Suppose a sequence of n random variables $X_1 \dots X_n$ is generated from a source where the first random variable $X_1$ is determined by a fair coin flip, and subsequent random variables are the complement of the previous if a fair die roll is greater than 4. I.e.

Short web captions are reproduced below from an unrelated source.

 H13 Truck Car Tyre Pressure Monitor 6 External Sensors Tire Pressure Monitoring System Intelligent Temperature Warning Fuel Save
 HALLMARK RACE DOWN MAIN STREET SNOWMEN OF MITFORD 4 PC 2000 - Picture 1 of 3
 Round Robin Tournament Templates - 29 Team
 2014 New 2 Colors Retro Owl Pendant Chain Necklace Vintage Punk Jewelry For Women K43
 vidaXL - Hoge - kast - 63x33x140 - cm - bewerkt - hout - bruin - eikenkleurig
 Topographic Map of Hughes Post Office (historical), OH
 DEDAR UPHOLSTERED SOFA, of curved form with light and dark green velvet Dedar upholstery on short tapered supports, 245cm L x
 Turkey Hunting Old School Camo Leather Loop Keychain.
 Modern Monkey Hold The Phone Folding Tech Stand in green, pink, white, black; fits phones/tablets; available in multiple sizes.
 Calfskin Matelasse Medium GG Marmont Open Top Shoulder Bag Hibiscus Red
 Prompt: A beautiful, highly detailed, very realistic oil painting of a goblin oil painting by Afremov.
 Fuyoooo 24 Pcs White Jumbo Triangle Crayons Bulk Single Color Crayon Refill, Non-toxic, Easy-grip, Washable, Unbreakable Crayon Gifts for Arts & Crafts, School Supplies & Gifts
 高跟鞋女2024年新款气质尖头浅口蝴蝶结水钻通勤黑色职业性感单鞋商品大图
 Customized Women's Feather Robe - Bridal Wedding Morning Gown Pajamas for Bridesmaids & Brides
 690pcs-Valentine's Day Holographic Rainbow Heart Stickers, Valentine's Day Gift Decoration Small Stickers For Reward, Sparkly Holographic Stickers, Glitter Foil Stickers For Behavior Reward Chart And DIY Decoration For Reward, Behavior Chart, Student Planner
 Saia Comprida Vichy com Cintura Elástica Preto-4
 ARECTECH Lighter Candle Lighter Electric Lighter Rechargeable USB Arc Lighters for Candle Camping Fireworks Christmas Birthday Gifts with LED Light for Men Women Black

$X_{i} = \bar{X}_{i-1}$ with probability 1/3
$X_{i} = X_{i-1}$ with probability 2/3
such a sequence forms a Markov process with state transition matrix:
$P=\begin{bmatrix} 2/3 & 1/3 \\ 1/3 &2/3 \end{bmatrix}$
which has a stationary distribution of
$\mu = [P(X_i = 0)\quad P(X_i = 1)] = [1/2 \quad 1/2 ]$
Now suppose a second sequence of random variables $Y_1 \dots Y_n$ s.t.:
$Y_1 = X_1$ and $Y_i = XOR(X_i, Y_{i-1})$
I am trying to calculate the joint entropy $H(Y_1,Y_2 \dots Y_n)$
I figure I should use the chain rule to express the joint entropy as:
$H(Y_1,Y_2 \dots Y_n) = H(Y_1) + H(Y_2|Y_1) + \dots H(Y_n|Y_{n-1},\dots Y_2,Y_1)$
The first two terms of this should be fairly straightforward to calculate from the definition of conditional entropy. It is calculating the latter two terms that is giving me trouble. I believe that since I can determine $X_i$ from $Y_{i-1}$ and $Y_{i-2}$ and that I can determine the probability of the next $Y_i$ given the previous $Y_{i-1}$ and $X_{i-1}$ it follows that:
$H(Y_i|Y_{i-1}, Y_{i-2},\dots Y_1) = H(Y_i|Y_{i-1}, Y_{i-2}) = H(Y_i|Y_{i-1}, X_{i-1}) $
The issue I am having is in calculation of $ H(Y_i|Y_{i-1}, X_{i-1}) $ which can be expressed as:
$H(Y_i|Y_{i-1}, X_{i-1}) = -\sum_{y_i,y_{i-1},x_{i-1} }p(y_i, y_{i-1}, x_{i-1}) log(p(y_i| y_{i-1}, x_{i-1}))$
I can not figure out how to compute $p(y_i, y_{i-1}, x_{i-1})$
and was hoping somebody could point me in the right direction, since I've spun my wheels on this for a couple hours so far.
Best Answer
You have computed $H(X_1,\ldots,X_n)$ using the markov chain. Note that for each realisation of $(X_1,\ldots,X_n)$ there is a unique realisation of $(Y_1,\ldots,Y_n)$. In other words, $Y_i=f(X_i,Y_{i-1})$ is a deterministic function so entropy is preserved and $$H(Y_1,\ldots,Y_n)=H(X_1,\ldots,X_n),$$ by induction.